The ex-3i team looking to spice up Iberian PE

Nexxus Iberia – which closed its first deal last week – is raising up to €250m to help Spanish and Portuguese companies expand into Latin America.

“I bought furniture second-hand, I brought the coffee machine from home; this is what you do when you have a start-up.”

The coffee machine belonged to Maite Ballester, managing partner of Nexxus Iberia and former head of Spain at private equity giant 3i. A 19-year veteran of 3i, Ballester launched Madrid-headquartered Nexxus Iberia as a joint venture with Mexican GP Nexxus Capital in 2016.

The firm – which held a first close on €130 million for its eponymous debut fund in January – completed its first deal last week with an investment in Spanish telecommunications specialist Fuertes Gimeno Comunicaciones.
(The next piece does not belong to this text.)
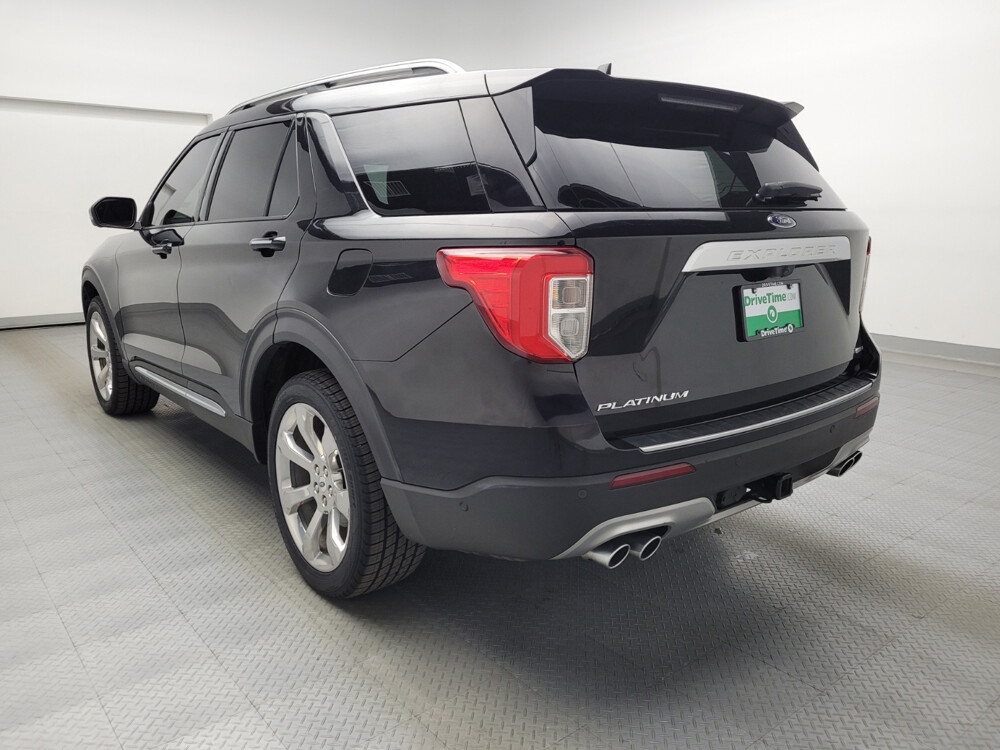 2020 Ford Explorer in Lubbock, TX 79424 - 18130921 5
It is aiming to hold a final close on at least €200 million by January.

“When you do a start-up, [in] year one the cost of setting up a new fund is so much higher than if you’re on fund three because you already have established lawyers, CRM and IT systems,” Ballester told Private Equity International. “You never have a net amount in a first fund of extra dividends to pay extra bonuses to people.”

Ballester’s comments may be surprising to some, given the impressive team she has helped to assemble. Alongside her sit four fellow alumni of 3i, including ex-partner Pablo Gallo and ex-managing director Mark Heappey, who joined as a strategic advisor in April.

L–R: partner Pablo Gallo, partner Alejandro Diazayas, managing partner Maite Ballester and chairman Arturo Saval

The firm is partly owned by Mexico City’s Nexxus Capital, which has more than $1.5 billion of assets under management, according to a Nexxus Iberia spokesman. Nexxus Capital is in market with a debut mezzanine debt fund, for which it is targeting 4 billion Mexican pesos ($204.7 million; €175.8 million), according to PEI data.

The Iberian fund, which has a €250 million hard-cap, is expected to be closer in size to the target, Ballester said. Partners from Nexxus Capital and her own division have committed 3.5 percent of the vehicle between them, with the carried interest “more skewed toward the dedicated team in Spain”.

Around 85 percent of its commitments have come from Europe, with existing LPs including the European Investment Fund, Fond-ICO Global – a Spanish state-backed fund of funds – and banking group Banco Sabadell, she added. It has also attracted investments from Spanish and Mexican family offices.

The fund will primarily target eight to 10 majority or minority investments in small- and mid-cap Spanish companies of between €4 million and €10 million EBITDA, with up to a 10 percent allocation to Portugal. It will use its ties with Mexico to accelerate portfolio companies’ international expansion to Latin America.

“Our target returns are north of 3x,” Ballester said, noting that the firm will limit leverage to 2x EBITDA.

“Spain is a gateway to Latin America for Europe and we have experienced that through our [former] 3i portfolio. When we build companies from Spain and make them grow into LatAm we ended up getting higher multiples on divestment than when it was just Spain and Europe because of the growth factor that most of the trade buyers think Columbia, Mexico etc bring to the table.”